Generally, Western Digital enterprise drives such as Raptor, Caviar RE2 and RE2-GP (RAID Edition) come with TLER Read "Enabled" (7 seconds) and TLER Write "Enabled" (7 seconds) while desktop drives such as Caviar SE, SE16, and GP come with TLER Read and Write Disabled (0 seconds).

Stand-Alone vs RAID Hard Disk Usage Considerations[edit]

It is best for TLER to be "Enabled" when in a hardware RAID array to prevent the recovery time from a disk read or write error from exceeding the hardware RAID controller's timeout threshold. If a drive times out, the hard disk will need to be manually re-added to the array, requiring a re-build and re-synchronization of the hard disk. Enabling TLER seeks to prevent this by interrupting error correction before timeout, to report failures only for data segments. The result is increased reliability in a hardware RAID array.

In a stand-alone configuration TLER should be disabled.

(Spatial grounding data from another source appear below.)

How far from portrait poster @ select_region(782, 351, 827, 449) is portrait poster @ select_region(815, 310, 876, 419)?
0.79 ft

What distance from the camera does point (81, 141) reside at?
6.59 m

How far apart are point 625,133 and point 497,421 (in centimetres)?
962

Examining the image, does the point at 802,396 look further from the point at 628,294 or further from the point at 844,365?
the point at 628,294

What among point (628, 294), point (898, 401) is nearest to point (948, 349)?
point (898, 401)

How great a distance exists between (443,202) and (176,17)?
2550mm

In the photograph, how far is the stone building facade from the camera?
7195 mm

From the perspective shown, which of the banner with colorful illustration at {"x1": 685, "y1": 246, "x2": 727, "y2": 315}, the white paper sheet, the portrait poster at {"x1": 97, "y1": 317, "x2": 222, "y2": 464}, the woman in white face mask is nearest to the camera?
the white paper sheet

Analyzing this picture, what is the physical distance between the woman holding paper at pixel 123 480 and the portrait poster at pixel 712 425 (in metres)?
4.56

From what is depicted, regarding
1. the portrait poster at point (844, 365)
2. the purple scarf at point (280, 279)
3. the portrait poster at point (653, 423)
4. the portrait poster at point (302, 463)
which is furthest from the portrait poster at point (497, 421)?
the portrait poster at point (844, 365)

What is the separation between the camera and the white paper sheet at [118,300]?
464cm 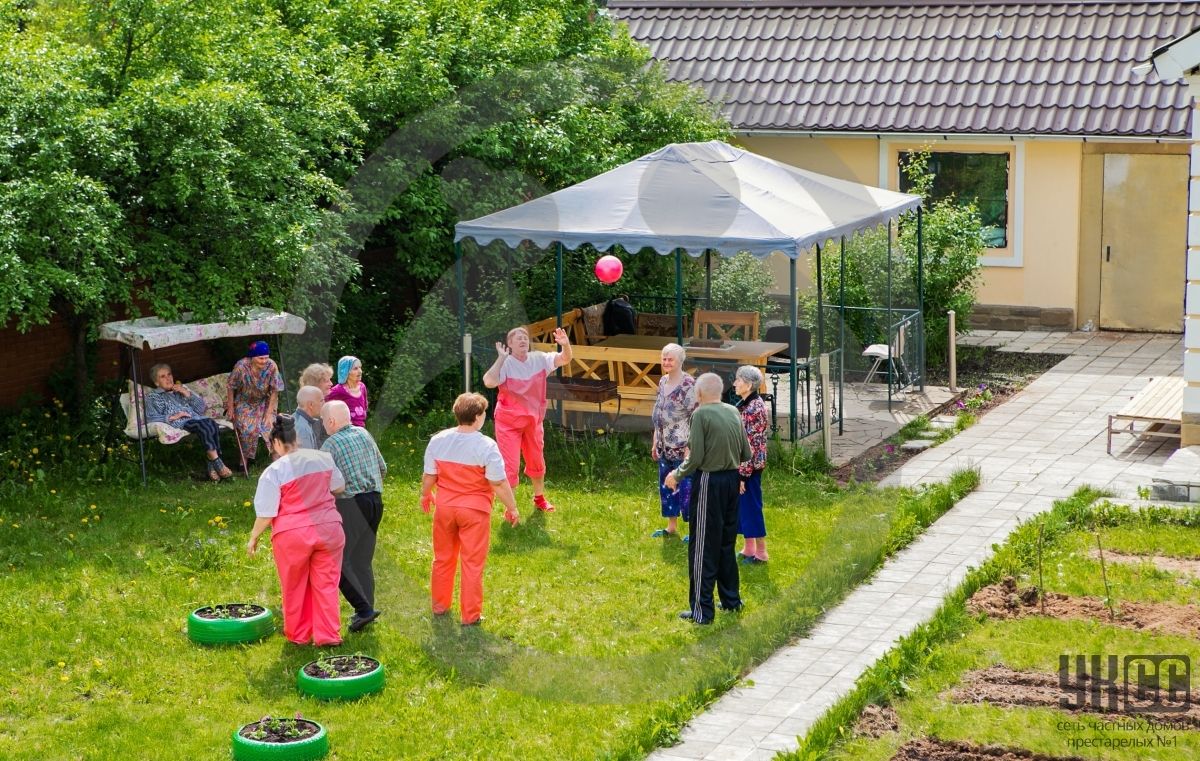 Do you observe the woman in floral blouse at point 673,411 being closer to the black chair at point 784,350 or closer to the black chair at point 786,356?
the black chair at point 786,356

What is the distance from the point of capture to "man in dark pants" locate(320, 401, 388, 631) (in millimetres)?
9469

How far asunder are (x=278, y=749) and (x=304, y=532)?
5.61 feet

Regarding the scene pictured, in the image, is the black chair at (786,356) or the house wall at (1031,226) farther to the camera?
the house wall at (1031,226)

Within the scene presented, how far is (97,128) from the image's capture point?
12.4 meters

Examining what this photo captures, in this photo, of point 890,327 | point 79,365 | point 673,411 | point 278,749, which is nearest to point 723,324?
point 890,327

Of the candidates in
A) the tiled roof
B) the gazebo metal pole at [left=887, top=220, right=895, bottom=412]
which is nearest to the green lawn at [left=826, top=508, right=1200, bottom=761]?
the gazebo metal pole at [left=887, top=220, right=895, bottom=412]

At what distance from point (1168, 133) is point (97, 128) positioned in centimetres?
1299

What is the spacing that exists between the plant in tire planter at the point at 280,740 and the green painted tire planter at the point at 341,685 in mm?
475

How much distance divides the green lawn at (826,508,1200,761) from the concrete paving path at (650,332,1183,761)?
1.35ft

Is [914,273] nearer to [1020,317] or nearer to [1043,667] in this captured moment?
[1020,317]

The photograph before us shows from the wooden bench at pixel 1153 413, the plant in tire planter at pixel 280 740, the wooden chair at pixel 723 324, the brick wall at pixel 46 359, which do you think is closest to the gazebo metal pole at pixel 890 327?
the wooden chair at pixel 723 324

As the drive is not redundant, reporting segments as failed will only increase manual intervention. Without a hardware RAID controller to drop the disk, normal (no TLER) recovery ability is most stable.

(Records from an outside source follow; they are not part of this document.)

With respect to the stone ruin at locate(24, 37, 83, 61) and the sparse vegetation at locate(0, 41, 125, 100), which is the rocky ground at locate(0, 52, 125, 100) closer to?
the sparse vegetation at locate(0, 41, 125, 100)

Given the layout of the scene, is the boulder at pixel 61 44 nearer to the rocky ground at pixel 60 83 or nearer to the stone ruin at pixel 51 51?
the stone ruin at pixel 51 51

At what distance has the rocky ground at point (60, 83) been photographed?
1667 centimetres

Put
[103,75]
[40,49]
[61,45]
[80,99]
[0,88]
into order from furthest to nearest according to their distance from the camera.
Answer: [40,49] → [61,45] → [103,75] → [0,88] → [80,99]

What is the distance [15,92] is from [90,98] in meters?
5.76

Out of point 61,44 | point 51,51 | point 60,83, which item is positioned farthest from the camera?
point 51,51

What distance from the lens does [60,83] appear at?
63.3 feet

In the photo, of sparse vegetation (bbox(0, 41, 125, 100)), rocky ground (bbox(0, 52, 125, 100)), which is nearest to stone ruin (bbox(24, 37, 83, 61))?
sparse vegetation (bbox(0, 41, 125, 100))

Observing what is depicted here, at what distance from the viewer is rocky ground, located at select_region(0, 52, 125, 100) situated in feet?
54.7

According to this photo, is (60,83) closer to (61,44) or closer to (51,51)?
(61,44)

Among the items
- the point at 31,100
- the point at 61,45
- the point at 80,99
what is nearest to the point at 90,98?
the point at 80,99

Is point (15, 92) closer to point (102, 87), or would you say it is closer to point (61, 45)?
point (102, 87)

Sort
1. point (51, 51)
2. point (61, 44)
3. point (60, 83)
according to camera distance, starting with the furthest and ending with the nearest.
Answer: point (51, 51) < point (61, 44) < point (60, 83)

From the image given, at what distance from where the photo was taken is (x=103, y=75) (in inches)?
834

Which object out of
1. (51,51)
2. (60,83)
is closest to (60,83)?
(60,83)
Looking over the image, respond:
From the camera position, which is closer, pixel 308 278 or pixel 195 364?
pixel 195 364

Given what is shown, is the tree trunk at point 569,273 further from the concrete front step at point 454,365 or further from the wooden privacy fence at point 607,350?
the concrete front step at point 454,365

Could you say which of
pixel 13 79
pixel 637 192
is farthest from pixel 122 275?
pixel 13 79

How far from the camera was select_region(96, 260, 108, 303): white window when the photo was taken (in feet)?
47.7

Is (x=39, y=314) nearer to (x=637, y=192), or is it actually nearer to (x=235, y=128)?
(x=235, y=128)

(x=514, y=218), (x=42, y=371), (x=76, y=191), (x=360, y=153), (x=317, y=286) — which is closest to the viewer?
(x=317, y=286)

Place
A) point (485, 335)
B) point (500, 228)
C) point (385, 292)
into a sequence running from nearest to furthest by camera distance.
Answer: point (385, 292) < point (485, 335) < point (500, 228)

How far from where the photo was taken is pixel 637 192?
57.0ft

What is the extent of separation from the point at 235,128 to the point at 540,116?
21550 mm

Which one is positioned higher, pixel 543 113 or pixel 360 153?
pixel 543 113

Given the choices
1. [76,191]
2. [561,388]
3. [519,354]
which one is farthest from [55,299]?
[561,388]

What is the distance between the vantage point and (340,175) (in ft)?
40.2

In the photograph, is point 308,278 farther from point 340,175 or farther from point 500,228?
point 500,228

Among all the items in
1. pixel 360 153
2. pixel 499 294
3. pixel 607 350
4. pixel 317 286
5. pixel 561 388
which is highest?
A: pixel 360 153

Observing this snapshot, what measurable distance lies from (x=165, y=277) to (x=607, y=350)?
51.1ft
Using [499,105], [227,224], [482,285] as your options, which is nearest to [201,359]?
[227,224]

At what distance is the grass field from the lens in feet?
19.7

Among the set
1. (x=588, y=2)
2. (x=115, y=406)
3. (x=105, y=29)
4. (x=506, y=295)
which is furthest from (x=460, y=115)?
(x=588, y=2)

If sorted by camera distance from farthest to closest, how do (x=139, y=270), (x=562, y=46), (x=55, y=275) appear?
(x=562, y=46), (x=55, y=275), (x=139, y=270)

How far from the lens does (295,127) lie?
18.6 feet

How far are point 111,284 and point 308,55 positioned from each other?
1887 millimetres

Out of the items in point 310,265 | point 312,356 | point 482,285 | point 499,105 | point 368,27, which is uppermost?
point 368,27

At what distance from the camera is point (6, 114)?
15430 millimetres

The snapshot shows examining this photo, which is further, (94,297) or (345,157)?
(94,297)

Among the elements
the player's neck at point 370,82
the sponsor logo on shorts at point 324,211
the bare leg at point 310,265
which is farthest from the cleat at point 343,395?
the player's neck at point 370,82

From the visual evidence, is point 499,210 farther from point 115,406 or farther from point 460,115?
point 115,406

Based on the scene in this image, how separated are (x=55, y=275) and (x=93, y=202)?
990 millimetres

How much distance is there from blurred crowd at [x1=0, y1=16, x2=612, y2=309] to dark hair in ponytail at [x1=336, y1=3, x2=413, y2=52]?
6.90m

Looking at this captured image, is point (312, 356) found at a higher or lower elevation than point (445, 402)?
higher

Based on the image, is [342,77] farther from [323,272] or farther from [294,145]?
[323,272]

In a software RAID configuration whether or not TLER is helpful is dependent on the operating system. For example in FreeBSD the ATA/CAM stack controls the timeouts, and is set to progressively increase the timeouts as they occur. Thus, if a desktop disk without TLER starts delaying a response to a sector read, FreeBSD will retry the read with successively longer timeouts to prevent prematurely dropping the disk out of the array.

Model TLER Default ( Read / Write ) Stand-Alone Recommendation RAID Recommendation
Caviar, SE, SE16, GP, Raptor Disabled ( 0s / 0s ) Default Enabled (if possible)
Caviar RE2, RE2-GP, Red Enabled ( 7s / 0s ) Disabled Default

Interaction of TLER with the advanced ZFS filesystem[edit]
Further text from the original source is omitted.